Energy losses can be minimised by keeping windows closed (reducing convection) and using double glazing (reducing conduction through the glass).

Solar radiation and Earth's temperature

The surface of Earth is almost entirely warmed by electromagnetic energy from the Sun. Our planet receives a total of $1.73 \times 10^{17}$ watts ( $W$ ) continuously - more than 10,000 times the power needs of all its inhabitants.

infoNote

Remember that power is a measure of energy per second. This continuous flow of energy from the Sun is what sustains life on Earth and drives our climate system.

To understand how solar energy affects our planet, we need to examine the spectrum of solar radiation. The graph above shows how much power is radiated at different wavelengths. The yellow and red regions together represent the power reaching the top of the atmosphere, whilst the red regions alone show the power at ground level. The black curve represents the theoretical emission from an ideal blackbody at a temperature of $5778$ K.

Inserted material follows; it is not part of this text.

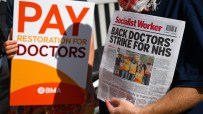Doctors rallying with placards during a strike, advocating for better working conditions and fair wages in healthcare.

Blackbody radiators and blackbody radiation

All objects above $0$ K emit electromagnetic radiation. The energy for this radiation comes from the internal thermal energy of the object. However, different surfaces emit radiation with varying efficiency. For example, objects with matt black surfaces emit radiation more efficiently than those with shiny white or metallic surfaces.

infoNote

Blackbody: A theoretical object that perfectly absorbs all radiation falling on it and emits all frequencies produced by its thermal energy with maximum efficiency.

Blackbody radiation: The electromagnetic radiation emitted by a blackbody. Importantly, blackbodies also absorb all frequencies of radiation that fall upon them.

The blackbody radiation emission curves for objects at different temperatures show some important patterns. The shape of these curves varies with temperature, and two blackbodies at the same temperature will have identically shaped curves, regardless of the materials they are made from.

Key observations about blackbody radiation

Total emitted power: The total power emitted by a blackbody is represented by the total area under the emission intensity versus wavelength curve. As temperature increases, the total power across the electromagnetic spectrum emitted by an object increases significantly.
Peak wavelength shift: As temperature increases, the peak of the emission curve shifts to shorter wavelengths. This relationship is described by Wien's law.
Material independence: Since the shape of any curve depends only on temperature (not on the material), we can estimate an object's temperature from the shape of its emission spectrum.

Wien's law

Wien's law provides a mathematical relationship between the peak wavelength emitted by a blackbody and its temperature.

Formula

$\lambda_{\text{max}} T = b$

Where:

$\lambda_{\text{max}}$ = Peak wavelength emitted by the blackbody (m)
$T$ = Temperature of the blackbody (K)
$b$ = Wien's constant, $2.898 \times 10^{-3}$ m K (or $0.002898$ m K)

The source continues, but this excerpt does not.